__PROBLEM STATEMENT__
The whole listing below is to be returned without alteration.
◆ ◆ ◆ ◆ ◆
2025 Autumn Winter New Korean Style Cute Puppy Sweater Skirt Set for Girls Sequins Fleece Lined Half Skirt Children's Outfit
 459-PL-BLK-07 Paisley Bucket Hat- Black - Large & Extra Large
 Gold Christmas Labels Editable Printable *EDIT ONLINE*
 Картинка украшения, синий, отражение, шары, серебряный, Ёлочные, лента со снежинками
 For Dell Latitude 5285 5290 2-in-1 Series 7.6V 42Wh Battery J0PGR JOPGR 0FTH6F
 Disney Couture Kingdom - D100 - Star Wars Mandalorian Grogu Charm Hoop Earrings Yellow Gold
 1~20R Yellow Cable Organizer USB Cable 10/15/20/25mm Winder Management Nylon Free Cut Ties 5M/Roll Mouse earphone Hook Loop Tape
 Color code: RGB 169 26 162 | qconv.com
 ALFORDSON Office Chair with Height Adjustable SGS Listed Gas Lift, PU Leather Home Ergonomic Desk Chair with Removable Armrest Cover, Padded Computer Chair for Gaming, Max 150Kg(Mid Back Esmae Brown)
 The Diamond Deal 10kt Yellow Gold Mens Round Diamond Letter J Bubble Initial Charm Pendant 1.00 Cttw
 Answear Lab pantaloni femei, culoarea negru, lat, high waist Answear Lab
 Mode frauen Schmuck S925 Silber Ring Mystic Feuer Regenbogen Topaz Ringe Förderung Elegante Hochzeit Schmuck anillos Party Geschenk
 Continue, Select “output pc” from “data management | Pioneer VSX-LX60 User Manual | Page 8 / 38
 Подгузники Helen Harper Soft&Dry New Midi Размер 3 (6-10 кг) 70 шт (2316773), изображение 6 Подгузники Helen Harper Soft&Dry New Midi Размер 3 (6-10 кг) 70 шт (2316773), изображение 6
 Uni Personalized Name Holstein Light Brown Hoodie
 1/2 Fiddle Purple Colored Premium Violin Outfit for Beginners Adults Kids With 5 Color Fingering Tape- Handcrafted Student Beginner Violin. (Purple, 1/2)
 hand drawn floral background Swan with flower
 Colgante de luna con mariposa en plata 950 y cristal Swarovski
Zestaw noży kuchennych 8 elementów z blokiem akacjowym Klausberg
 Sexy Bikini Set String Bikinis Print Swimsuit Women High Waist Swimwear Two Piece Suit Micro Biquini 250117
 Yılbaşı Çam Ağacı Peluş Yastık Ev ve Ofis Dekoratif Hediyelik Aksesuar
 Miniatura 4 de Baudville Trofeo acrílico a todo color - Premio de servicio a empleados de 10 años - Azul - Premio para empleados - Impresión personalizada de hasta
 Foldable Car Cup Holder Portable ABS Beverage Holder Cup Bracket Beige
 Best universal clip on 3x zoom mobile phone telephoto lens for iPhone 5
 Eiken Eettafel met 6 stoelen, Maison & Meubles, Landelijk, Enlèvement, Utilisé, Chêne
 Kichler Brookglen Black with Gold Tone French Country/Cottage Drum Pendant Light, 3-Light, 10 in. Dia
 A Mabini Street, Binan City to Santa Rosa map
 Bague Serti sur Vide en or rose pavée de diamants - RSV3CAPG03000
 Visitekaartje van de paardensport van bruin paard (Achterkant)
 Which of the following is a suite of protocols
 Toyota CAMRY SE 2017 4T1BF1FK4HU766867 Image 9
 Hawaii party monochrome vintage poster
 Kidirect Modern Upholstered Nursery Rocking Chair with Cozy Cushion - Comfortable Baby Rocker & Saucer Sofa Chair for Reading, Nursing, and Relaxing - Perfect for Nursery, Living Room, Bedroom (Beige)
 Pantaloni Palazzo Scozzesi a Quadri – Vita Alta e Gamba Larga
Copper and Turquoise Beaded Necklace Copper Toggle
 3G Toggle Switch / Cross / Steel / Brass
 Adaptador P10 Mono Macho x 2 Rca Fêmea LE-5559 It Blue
◆ ◆ ◆ ◆ ◆
__TASK RESPONSE__
2025 Autumn Winter New Korean Style Cute Puppy Sweater Skirt Set for Girls Sequins Fleece Lined Half Skirt Children's Outfit
 459-PL-BLK-07 Paisley Bucket Hat- Black - Large & Extra Large
 Gold Christmas Labels Editable Printable *EDIT ONLINE*
 Картинка украшения, синий, отражение, шары, серебряный, Ёлочные, лента со снежинками
 For Dell Latitude 5285 5290 2-in-1 Series 7.6V 42Wh Battery J0PGR JOPGR 0FTH6F
 Disney Couture Kingdom - D100 - Star Wars Mandalorian Grogu Charm Hoop Earrings Yellow Gold
 1~20R Yellow Cable Organizer USB Cable 10/15/20/25mm Winder Management Nylon Free Cut Ties 5M/Roll Mouse earphone Hook Loop Tape
 Color code: RGB 169 26 162 | qconv.com
 ALFORDSON Office Chair with Height Adjustable SGS Listed Gas Lift, PU Leather Home Ergonomic Desk Chair with Removable Armrest Cover, Padded Computer Chair for Gaming, Max 150Kg(Mid Back Esmae Brown)
 The Diamond Deal 10kt Yellow Gold Mens Round Diamond Letter J Bubble Initial Charm Pendant 1.00 Cttw
 Answear Lab pantaloni femei, culoarea negru, lat, high waist Answear Lab
 Mode frauen Schmuck S925 Silber Ring Mystic Feuer Regenbogen Topaz Ringe Förderung Elegante Hochzeit Schmuck anillos Party Geschenk
 Continue, Select “output pc” from “data management | Pioneer VSX-LX60 User Manual | Page 8 / 38
 Подгузники Helen Harper Soft&Dry New Midi Размер 3 (6-10 кг) 70 шт (2316773), изображение 6 Подгузники Helen Harper Soft&Dry New Midi Размер 3 (6-10 кг) 70 шт (2316773), изображение 6
 Uni Personalized Name Holstein Light Brown Hoodie
 1/2 Fiddle Purple Colored Premium Violin Outfit for Beginners Adults Kids With 5 Color Fingering Tape- Handcrafted Student Beginner Violin. (Purple, 1/2)
 hand drawn floral background Swan with flower
 Colgante de luna con mariposa en plata 950 y cristal Swarovski
Zestaw noży kuchennych 8 elementów z blokiem akacjowym Klausberg
 Sexy Bikini Set String Bikinis Print Swimsuit Women High Waist Swimwear Two Piece Suit Micro Biquini 250117
 Yılbaşı Çam Ağacı Peluş Yastık Ev ve Ofis Dekoratif Hediyelik Aksesuar
 Miniatura 4 de Baudville Trofeo acrílico a todo color - Premio de servicio a empleados de 10 años - Azul - Premio para empleados - Impresión personalizada de hasta
 Foldable Car Cup Holder Portable ABS Beverage Holder Cup Bracket Beige
 Best universal clip on 3x zoom mobile phone telephoto lens for iPhone 5
 Eiken Eettafel met 6 stoelen, Maison & Meubles, Landelijk, Enlèvement, Utilisé, Chêne
 Kichler Brookglen Black with Gold Tone French Country/Cottage Drum Pendant Light, 3-Light, 10 in. Dia
 A Mabini Street, Binan City to Santa Rosa map
 Bague Serti sur Vide en or rose pavée de diamants - RSV3CAPG03000
 Visitekaartje van de paardensport van bruin paard (Achterkant)
 Which of the following is a suite of protocols
 Toyota CAMRY SE 2017 4T1BF1FK4HU766867 Image 9
 Hawaii party monochrome vintage poster
 Kidirect Modern Upholstered Nursery Rocking Chair with Cozy Cushion - Comfortable Baby Rocker & Saucer Sofa Chair for Reading, Nursing, and Relaxing - Perfect for Nursery, Living Room, Bedroom (Beige)
 Pantaloni Palazzo Scozzesi a Quadri – Vita Alta e Gamba Larga
Copper and Turquoise Beaded Necklace Copper Toggle
 3G Toggle Switch / Cross / Steel / Brass
 Adaptador P10 Mono Macho x 2 Rca Fêmea LE-5559 It Blue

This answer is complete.